Records supplied: Begin

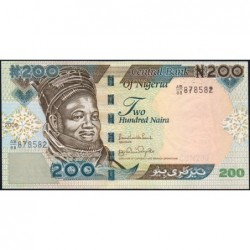 Nigéria - Pick 29h_2 - 200 naira - Série AB/88 - 2009 - Etat : NEUF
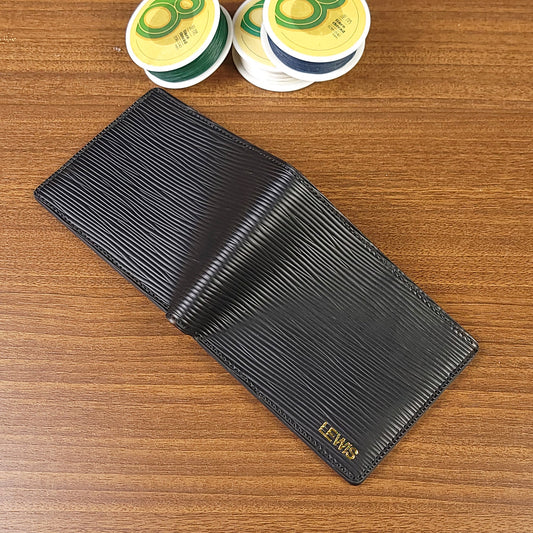 Custom Black Luxury Epi Leather Mens Wallets - PVMH Leather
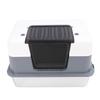 Stainless Steel Cat Litter Box Enclosed Metal Litter Box Large Odor Control Covered Metal Litter Pan for Home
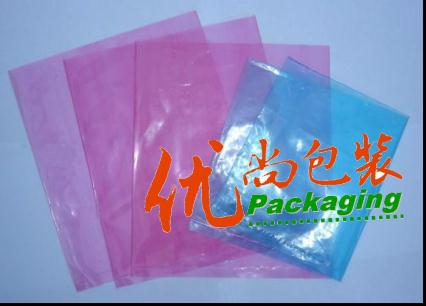上海pe塑料包裝袋，粉色靜電薄膜袋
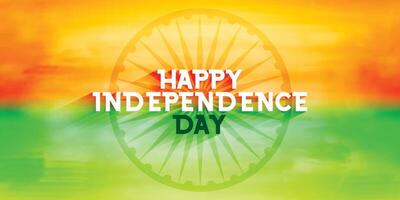 contento indio independencia día patriótico bandera bandera vector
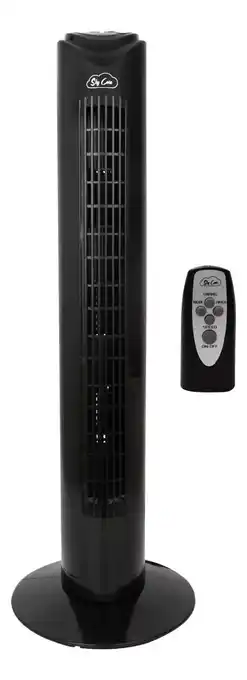 Mercado Libre Ventilador de torre Sky Care ADT01-33 Pul negro 110 V oferta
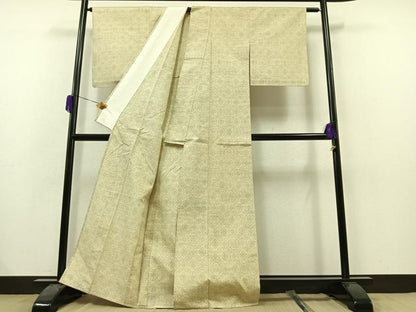 平和屋着物▽本場塩沢結城 単衣 蜀江花文 証紙付き 正絹 逸品 AAAZ2325jh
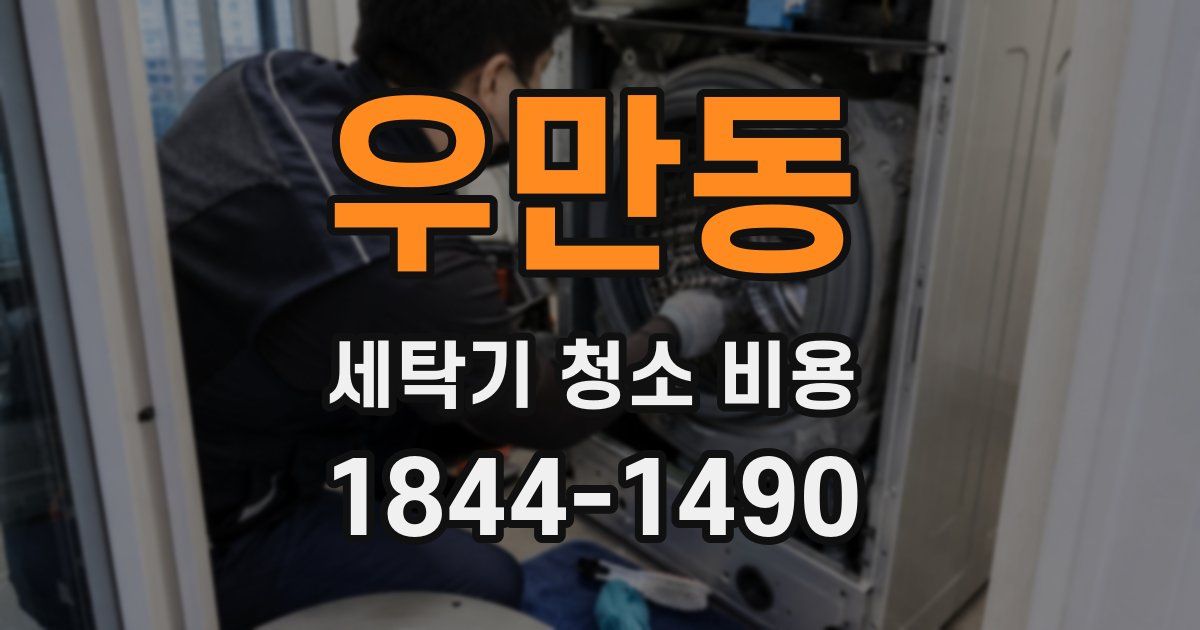 우만동 세탁기 청소 비용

Records supplied: End

* Problem to solve:
When you retype the data above, match every line exactly and leave the pictures behind.

* Answer to this task:
 Nigéria - Pick 29h_2 - 200 naira - Série AB/88 - 2009 - Etat : NEUF
 Custom Black Luxury Epi Leather Mens Wallets - PVMH Leather
 Stainless Steel Cat Litter Box Enclosed Metal Litter Box Large Odor Control Covered Metal Litter Pan for Home
上海pe塑料包裝袋，粉色靜電薄膜袋
 contento indio independencia día patriótico bandera bandera vector
 Mercado Libre Ventilador de torre Sky Care ADT01-33 Pul negro 110 V oferta
 平和屋着物▽本場塩沢結城 単衣 蜀江花文 証紙付き 正絹 逸品 AAAZ2325jh
 우만동 세탁기 청소 비용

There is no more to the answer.